午後三時十分、来客。アポイントメントなし。
名前、モンタン。住所の申告なし。依頼内容、パリ近郊における土地売買契約の公正証書作成。
書類一式を受け取り、確認した。土地台帳の参照番号は「セーヌ県第七区画・補遺十四番」とある。当事務所所蔵の台帳を照合したところ、該当区画に「補遺」の分類が存在しない。番地そのものが、台帳上に存在しないということになる。
依頼人にその旨を伝えた。依頼人は書類を受け取り、「確認して参ります」と言った。異論なし。退室。
所要時間、二十分。
アルベールに台帳の再確認を指示した。翌日の報告によれば、やはり該当番地は存在しない。古い版の台帳も同様。
依頼人の外見について、記録しておくべきことがあるかどうか、今は判断できない。
記録二、一八八七年十一月三日。
午後二時五十分、来客。アポイントメントなし。
名前、モンテ。前回、記録一の依頼人と同一人物であるかどうか、確認しなかった。確認する手続きが存在しないため。
依頼内容、前回と同一の土地売買契約。書類は修正されていた。番地は今回、実在するものに差し替えられている。ヴァンセンヌ近郊、セーヌ河畔の小区画。
登記簿を確認した。該当地はシャルル=アンリ・フォワという人物の所有になっている。所有権の移転を伴う契約を作成するためには、現所有者からの譲渡契約書が必要だ。その旨を伝えた。

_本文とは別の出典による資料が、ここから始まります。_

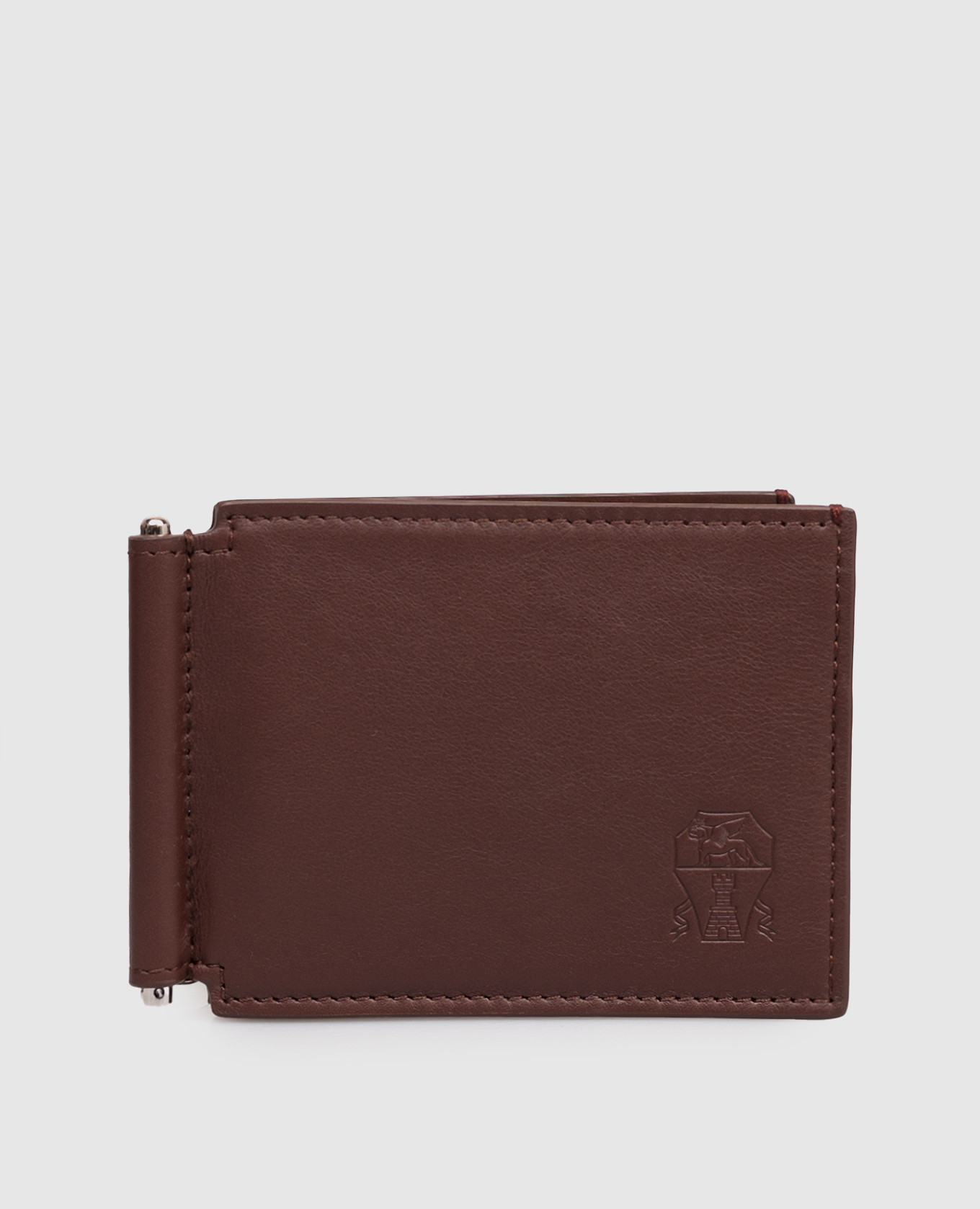

Brown leather wallet with embossed logo Brunello Cucinelli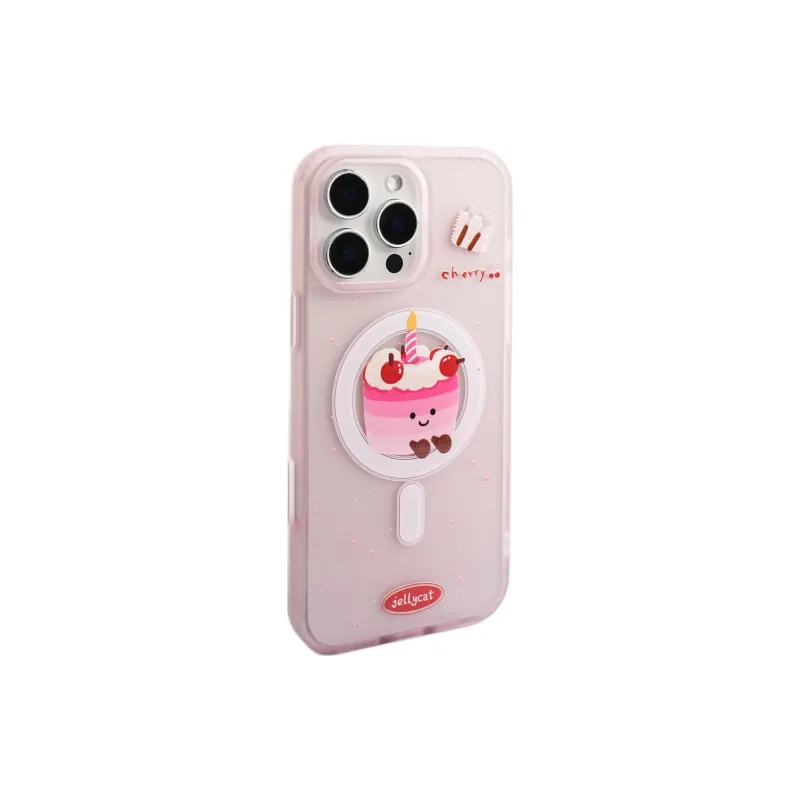Sopi Acrylic Material Matte Jellycat Cherry Cake Phone Cases Compatible With IPhone 16/15 Pro Max/Apple 13/14 Pro/Max-5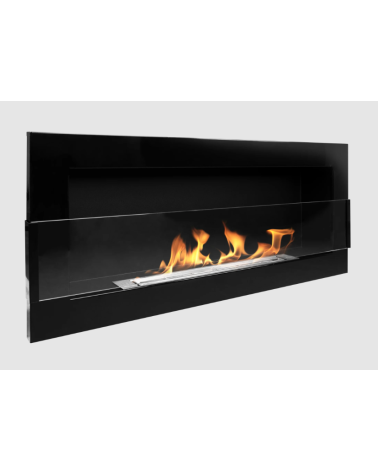 Biochimenea de pared con cristal 900x400 negro brillo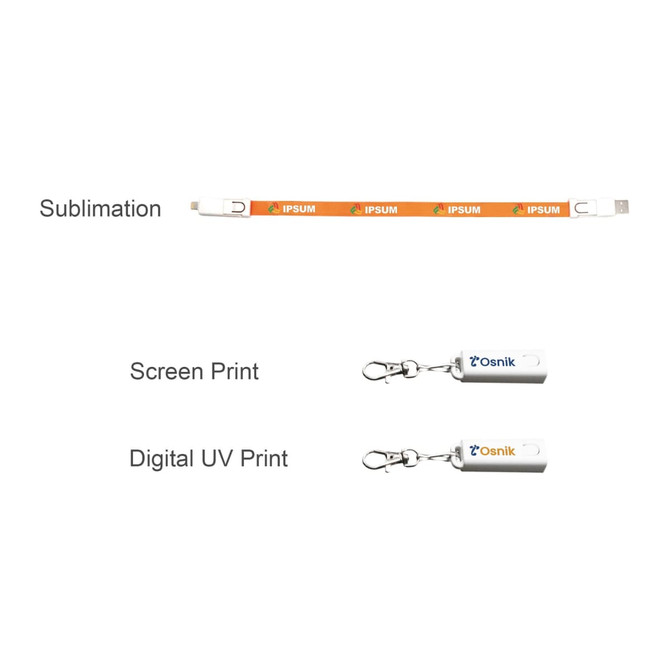 A 60W 6-in-1 charging cable strap in orange with connectors, featuring a logo and various print options.
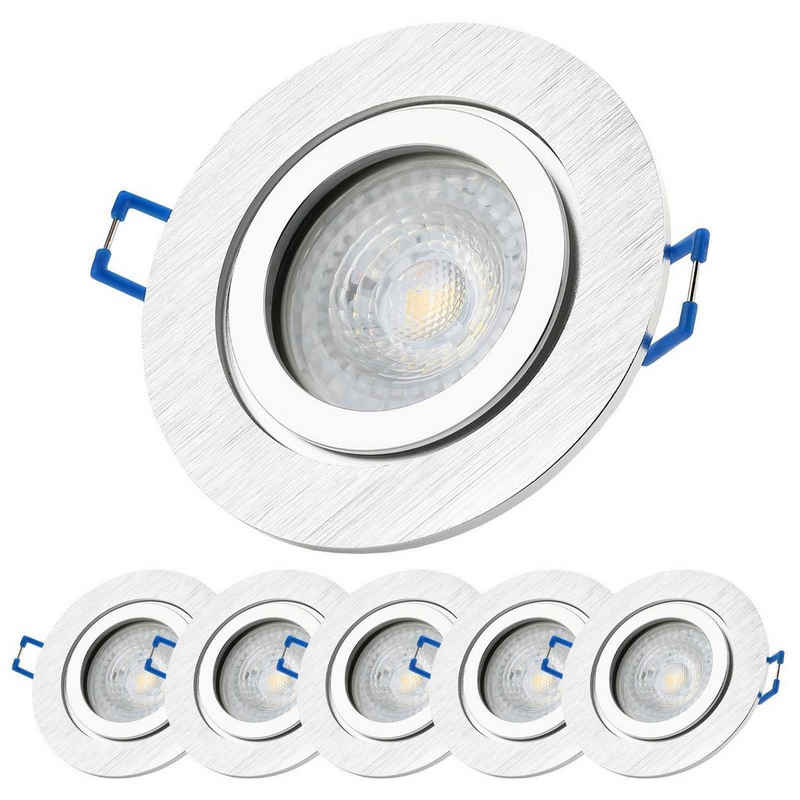 Sweet LED LED Einbaustrahler spots Bad dimmbar Aluminium IP44 GU10 7W 6 stück, LED fest integriert, 3000K, Deckenspots, Deckenstrahler,Einbauleuchten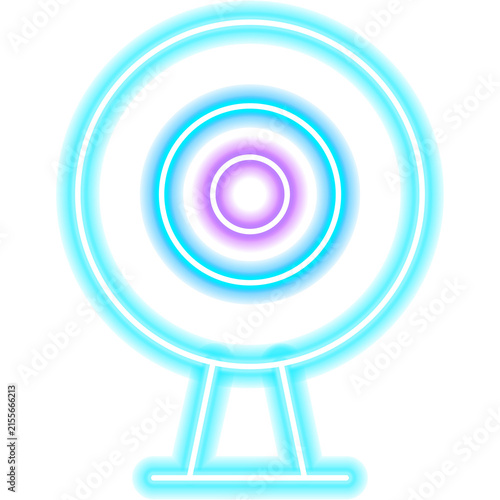 Webcam Neon Sign. Illustration of Video Computer Gadget.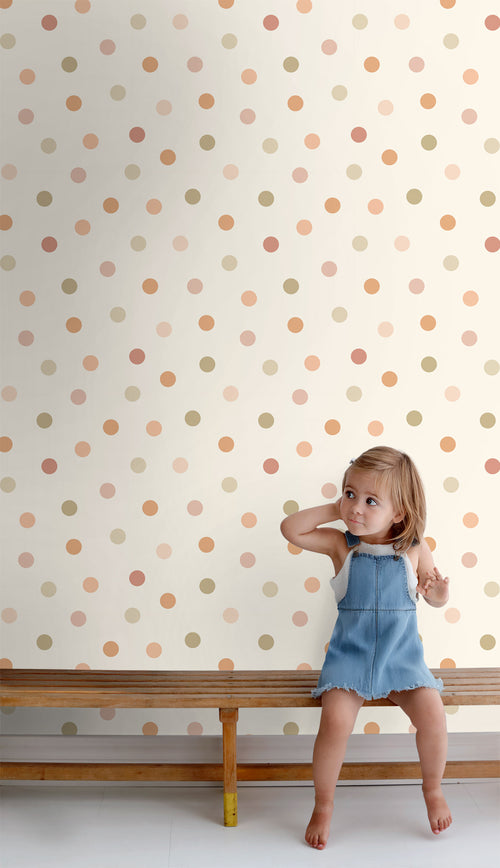ESTAhome behang stip beige en meerkleurig - 50 x 900 cm - 131626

依頼人は「では所有者から譲渡を受けて参ります」と言った。
私は「譲渡契約書もあわせてご持参ください。なければ本契約の公証はできません」と言った。
「承知しました」と依頼人は言い、退室した。
今回も外見を記録しようとしたが、書くべき特徴が出てこなかった。年齢については五十代から七十代の間としか言えない。服装は黒に近い濃紺、時代遅れの裁断。臭いがなかった。煙草も、外の空気も、何も。これは記録すべきことではないかもしれない。ただ、ない、ということが、少し気になった。
所要時間、二十五分。
記録三、一八八七年十一月二十九日。
午後四時、来客。アポイントメントなし。
名前、モントワール。
譲渡契約書を持参した。形式は整っている。用紙の規格、製本、証人欄の配置、いずれも現行の様式に従っている。日付も正しい。私は一読して、署名欄を確認した。
署名が、読めなかった。
文字ではある。しかしどの言語の文字でもない。筆圧は均一で、書き慣れた手によるものだとわかる。ただ、それがフランス語でも、ラテン語でも、私が知るいかなる文字でもなかった。
依頼人に伝えた。「署名は本人の正式な署名でなければなりません。判読可能な、本人を特定できる形式のものが必要です」
依頼人は書類を受け取った。「では署名を改めて参ります」
「お願いします」と私は言った。
帰り際、依頼人が振り返った。「あなたは優秀な公証人ですね」
「手続きに従っているだけです」と私は言った。
依頼人は何かを言いかけて、言わなかった。扉が閉まった。
所要時間、三十分。
アルベールが帰宅した後、私は事務所に残って台帳の整理をした。特に必要な作業ではなかった。
マドレーヌの命日まであと二週間。今年も花を持っていく。何を持っていくべきか、毎年決められない。
記録四、一八八八年二月七日。
午後三時、来客。アポイントメントなし。
名前、モンス。前回の訪問から約二ヶ月が経過している。
依頼内容、「記憶の譲渡契約」。
書類を受け取った。用紙の規格は正しい。製本も正しい。私は内容を一読した。契約の甲は依頼人、乙は空欄になっている。譲渡の対象として「一八五一年十一月から一八六三年四月までの間に甲が保持していた一切の記憶」と記載されていた。対価の欄は空欄だった。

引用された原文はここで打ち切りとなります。